━━━━━ DATA SHOWN ━━━━━

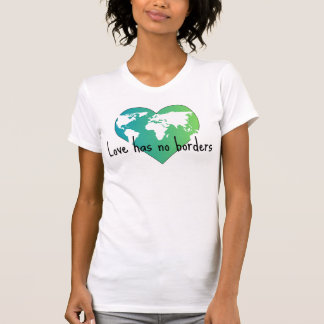 T-shirt femme Love Has No Borders, slim fit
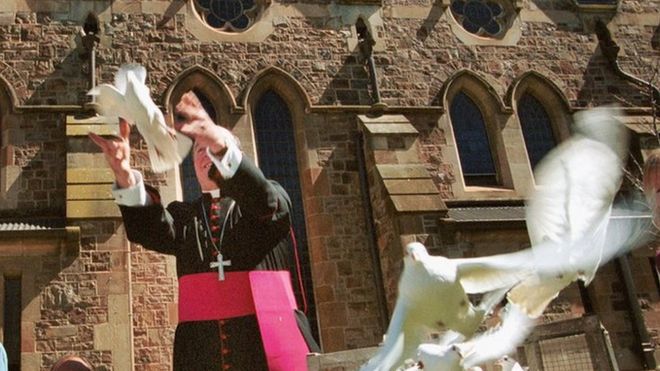 Архиепископ Аделаидский Филипп Уилсон выпускает голубя возле городского собора в 2002 году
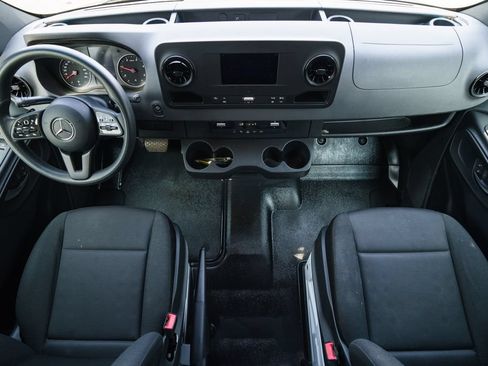 Used 2023 Mercedes-Benz Sprinter 2500 image 18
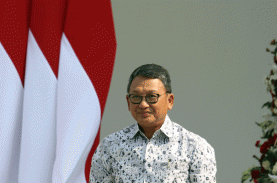 Lantik Ketua dan Komite BPH Migas 2021-2025, Ini Pesan…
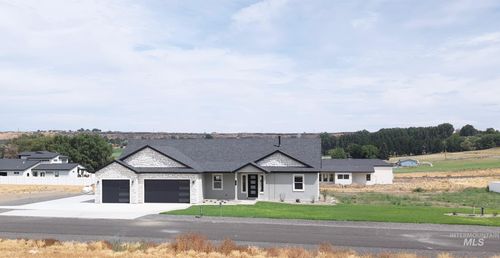 109 Stella Cir, Hagerman, ID, 83332-5106 | Card Image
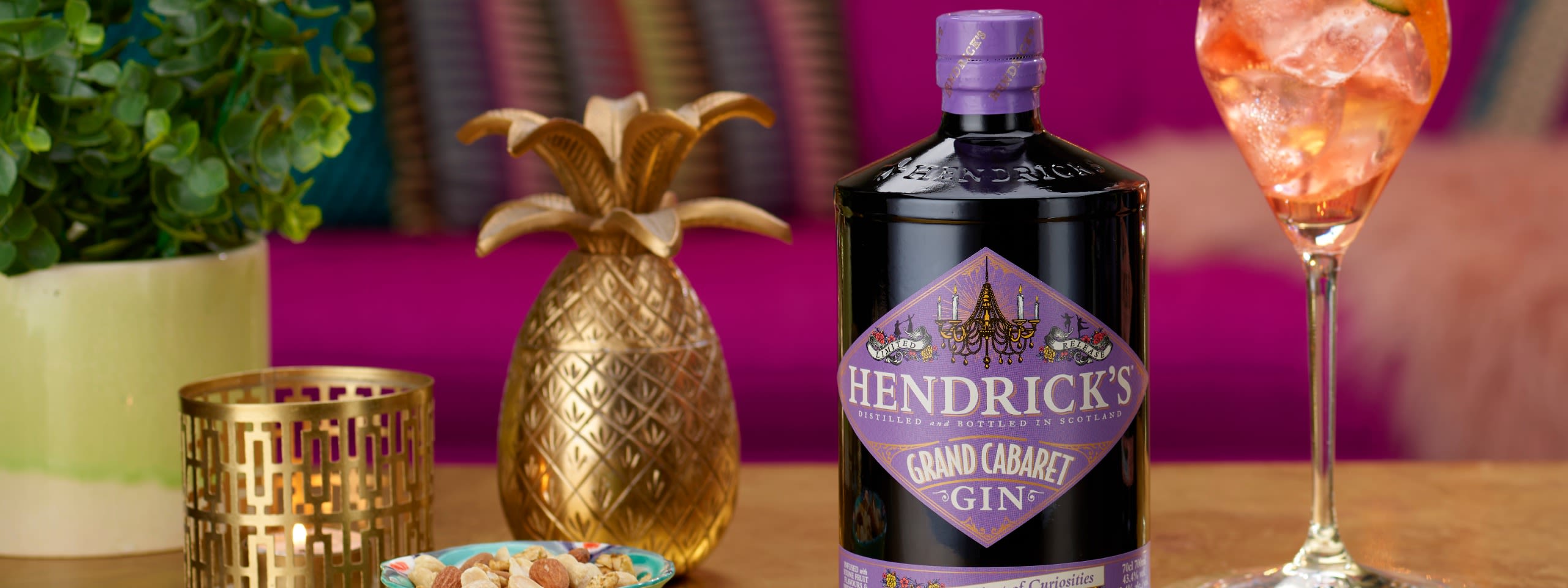 Hendrick’s GRAND CABARET launches shows at The Emerald Room City of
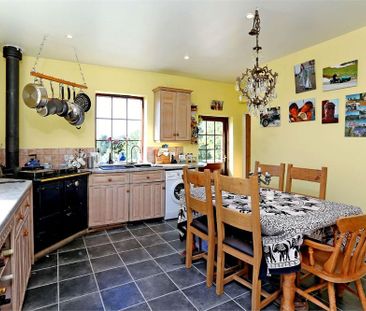 2 bedroom semi-detached house to rent - Photo 5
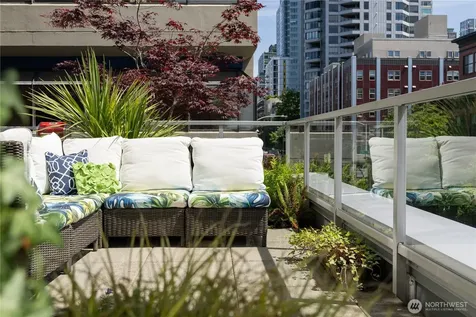 76 Cedar Street Seattle WA 98121
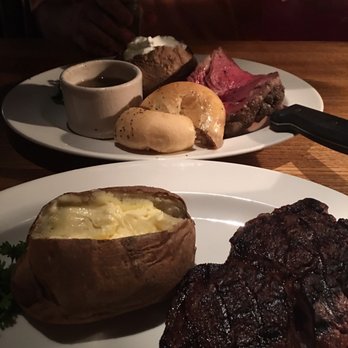 Harveys - Prime rib and marinated steak - Seafood Near Me - Tupelo, Mississippi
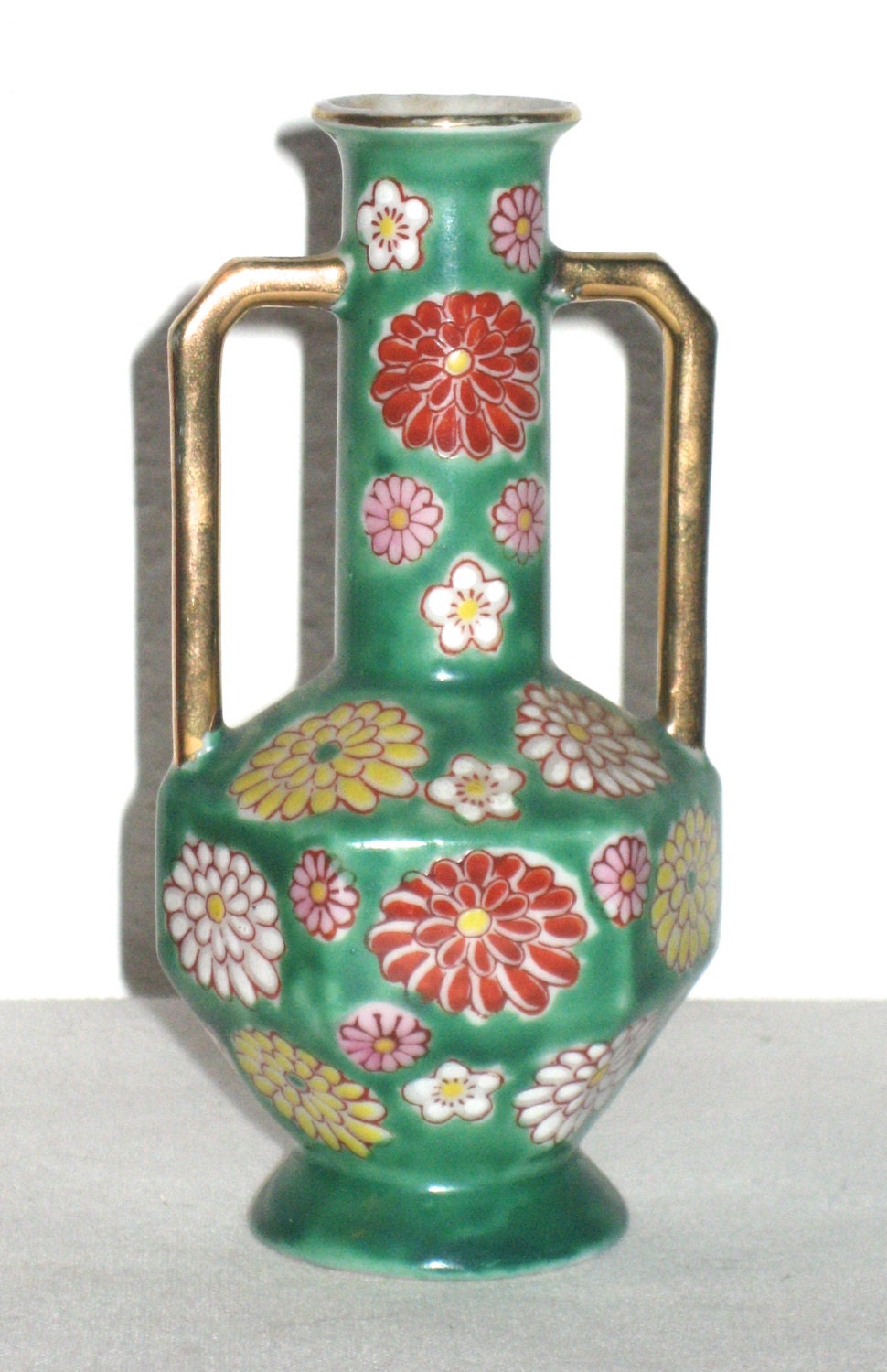 Vintage small painted ceramic floral vase Japan flowers green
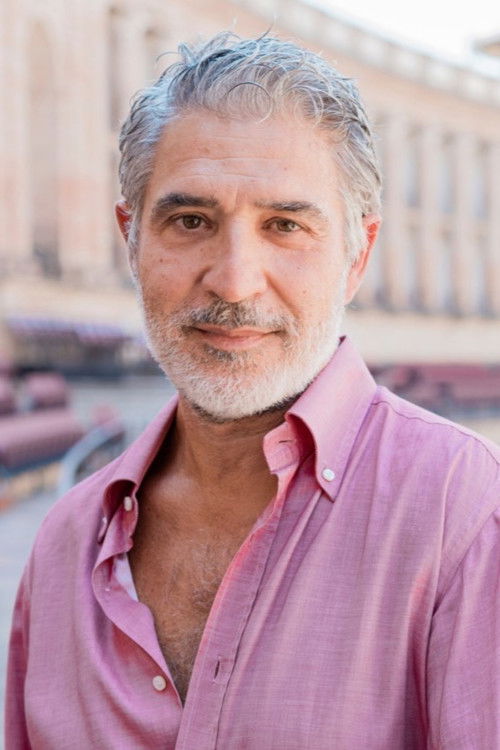 Andrea Concetti as Don Alfonso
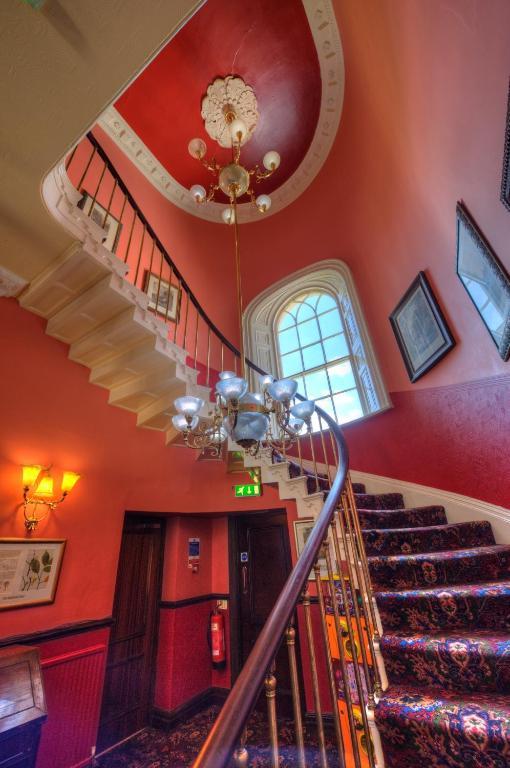 The Elms Hotel Ретфорд Экстерьер фото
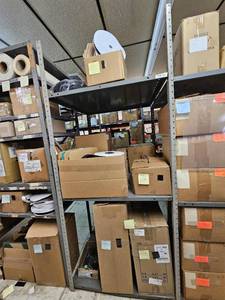 lot 23033 image: Assorted Lot Of Hook and Hook Connectors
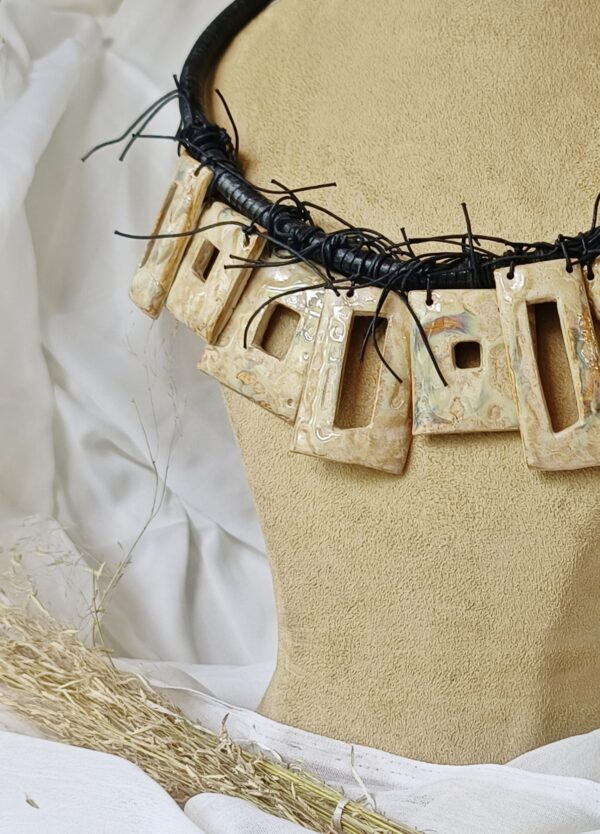 Uns- Beige - Image 2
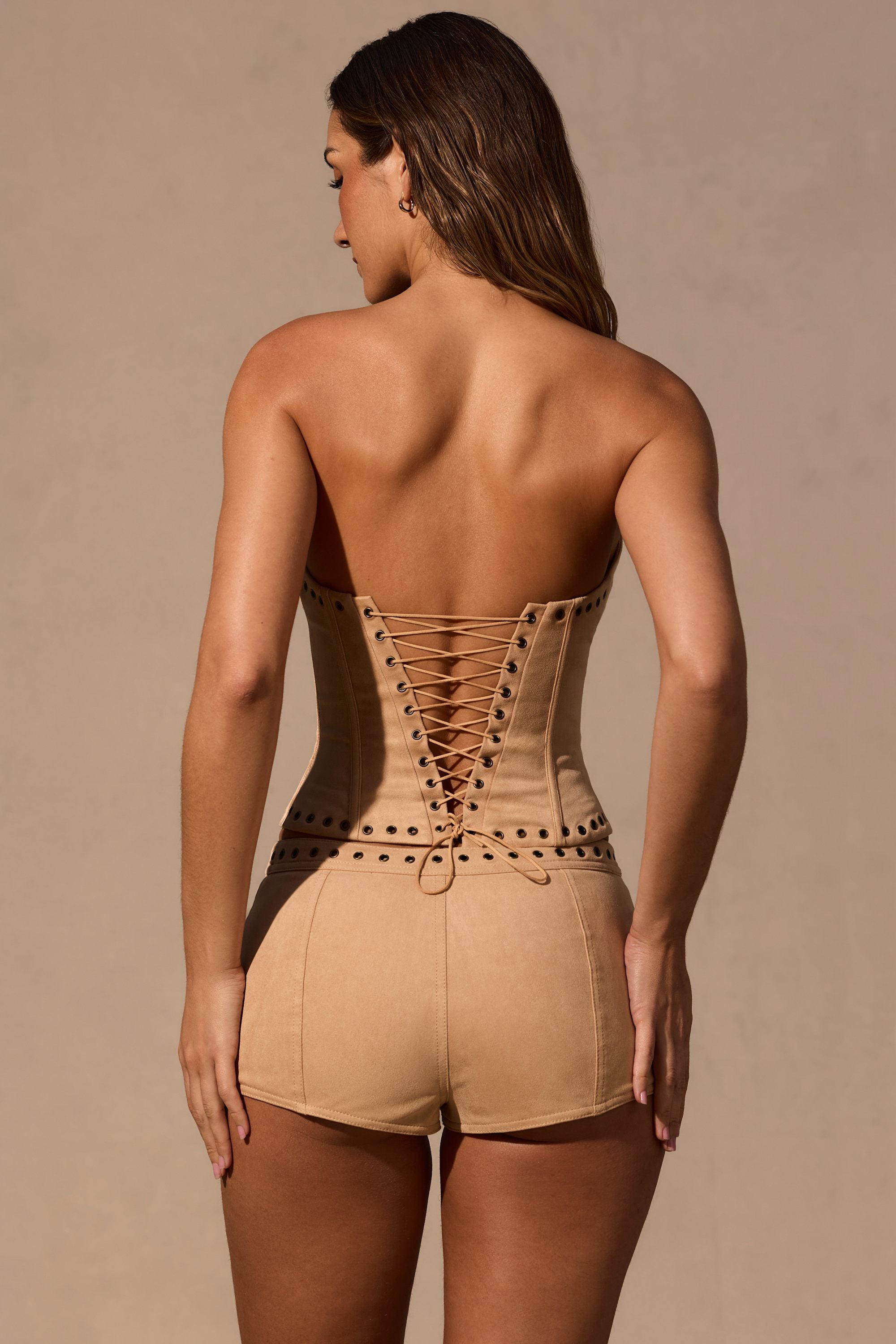 « Audace » — Haut Corset Lacé Suédine, Camel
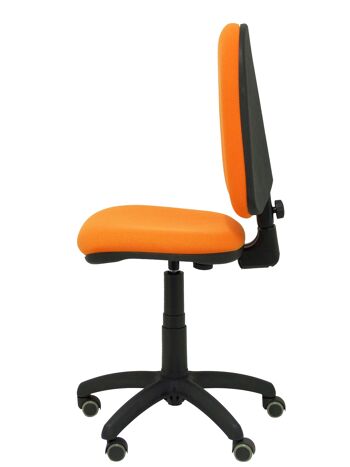 Chaise Ayna bali orange avec roulettes parquet 5
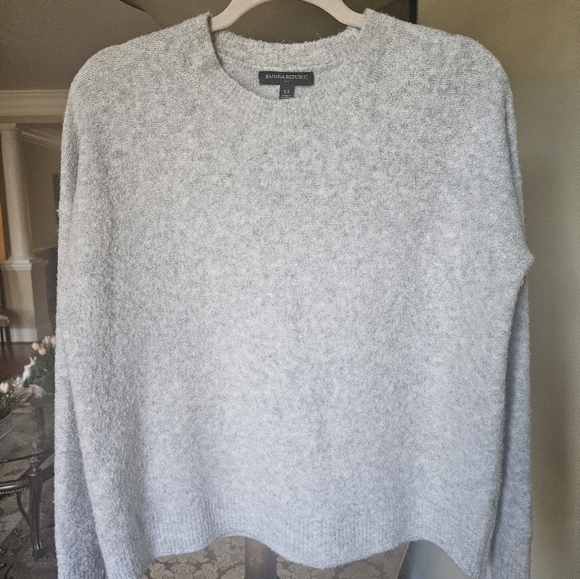Banana Republic light gray wool blend crew neck sweater - Picture 4 of 9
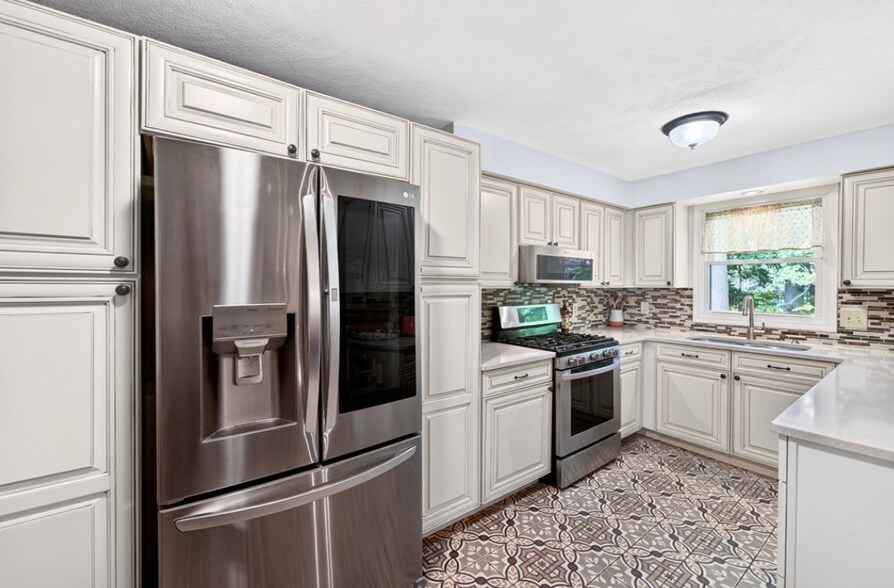 Kitchen - 143 Oak Park Dr
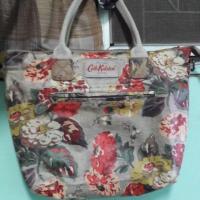 ราคา กระเป๋าCath kidston มือสอง สภาพดีค่ะ (349835763)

━━━━━

▶ [TASK DIRECTIONS]:
Once you reach the line containing "Chaise Ayna bali", print it and every line after it exactly, through the end of the entries, without any pictures.

▶ [RESPONSE TO THE TASK]:
 Chaise Ayna bali orange avec roulettes parquet 5
Banana Republic light gray wool blend crew neck sweater - Picture 4 of 9
 Kitchen - 143 Oak Park Dr
 ราคา กระเป๋าCath kidston มือสอง สภาพดีค่ะ (349835763)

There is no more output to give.